Geburtsstadt Zlín als Inspiration: Antonín Bajaja mit Staatspreis für Literatur ausgezeichnet

Antonín Bajaja (Foto: ČTK)

Staatspreise für Künstler hat es in der Tschechoslowakei schon vor der Wende gegeben. Die Kriterien für deren Verleihung waren aber bei weitem nicht künstlerischer Art. 1993 führte der damalige Kulturminister und Publizist Pavel Tigrid nach einer kurzen Zäsur die Staatspreise für Kultur wieder ein. Seitdem werden sie in den Tagen um den Staatsfeiertag am 28. Oktober vergeben. Am Montag hat Kulturminister Besser die diesjährigen Staatspreise verliehen.
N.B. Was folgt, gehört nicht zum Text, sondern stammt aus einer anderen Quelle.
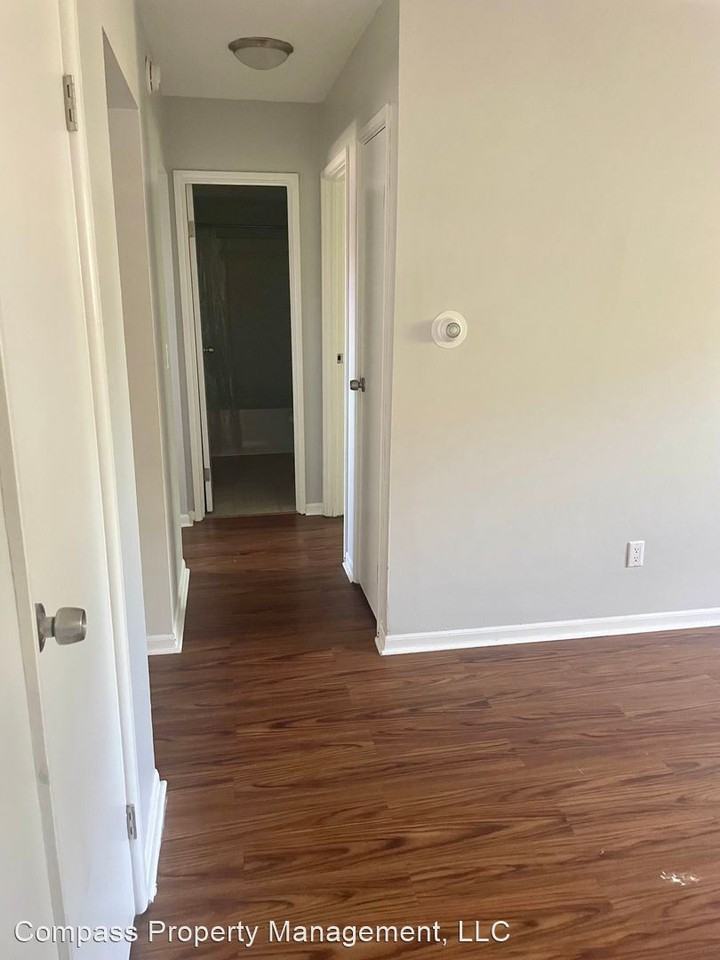 1720 Porter St SW - Photo 3 of 11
František Skála  (Foto: ČTK)
„Wir waren gewöhnt, dass es Klement-Gottwald-Staatspreise gegeben hat. Aber jetzt ist das bereits etwas anderes. Ich habe danach geforscht, ob ich den Preis entgegen nehmen darf, und ich meine ja.“

Sagt der Preisträger František Skála. Er ist Maler, Bildhauer sowie Musiker. Skála wurde mit dem Staatspreis für seinen Beitrag zur bildenden Kunst ausgezeichnet. Er gehörte 1987 zu den Mitbegründern der Künstlergruppe Tvrdohlaví (Die Hartnäckigen). Der vielseitige Künstler ist vor allem durch seine Werke berühmt geworden, die er aus zufällig gefundenen Gegenständen und Bruchstücken natürlicher sowie künstlicher Herkunft schuf, die sonst verschwunden wären.

Jiří Besser und Antonín Bajaja  (Foto: ČTK)
Der Staatspreis für Literatur wurde dem Schriftsteller Antonín Bajaja für seinen Roman „An der schönen blauen Dřevnice“ verliehen. In seinem Roman beschreibt der 68-jährige Schriftsteller seine Geburtsstadt Zlín. Das Buch stellt ein Zeugnis über die zweite Hälfte des 20. Jahrhunderts in der Tschechoslowakei dar. Der Roman ist als eine Sammlung von Briefen stilisiert, die der Verfasser an seine Schwester adressiert. Die Briefe sind jedoch nicht chronologisch geordnet, genauso wie die Kindheitserinnerungen. Antonín Bajaja:

Tschechische Herausgabe des Romans „An der schönen blauen Dřevnice“
„In meinem Buch betrachte ich alles nicht nur mit Kinderaugen. Es ist dort auch die Sichtweise eines alt werdenden Mannes enthalten. Der Widerspruch zwischen den beiden Perspektiven schafft Spannung. Als ich einst in den 1960er-Jahren die Erinnerungen an meine Kindheit zu schreiben begann, war es für mich eine Art Abreagieren von der damaligen Zeit.“

Aus den Briefen und Erinnerungen kommt der Unterschied zwischen dem Bild der Stadt Zlín kurz nach dem Krieg und dem Zlín, das von den Kommunisten in Gottwaldov umbenannt wurde. (Gottwald war ein tüchtiger Schüler Stalins und der erste kommunistische Präsident der Tschechoslowakei.) Am Schicksal der einzelnen Bewohner von Zlín kann man sich eine Vorstellung davon machen, wie das kommunistische Regime mit unbequemen Bürgern umging. Als Kind habe er, so der Schriftsteller, aber mit anderen auf der Straße gespielt und noch kaum verstanden, was sich um ihn herum abspielte:

Oldřich Král  (Foto: ČTK)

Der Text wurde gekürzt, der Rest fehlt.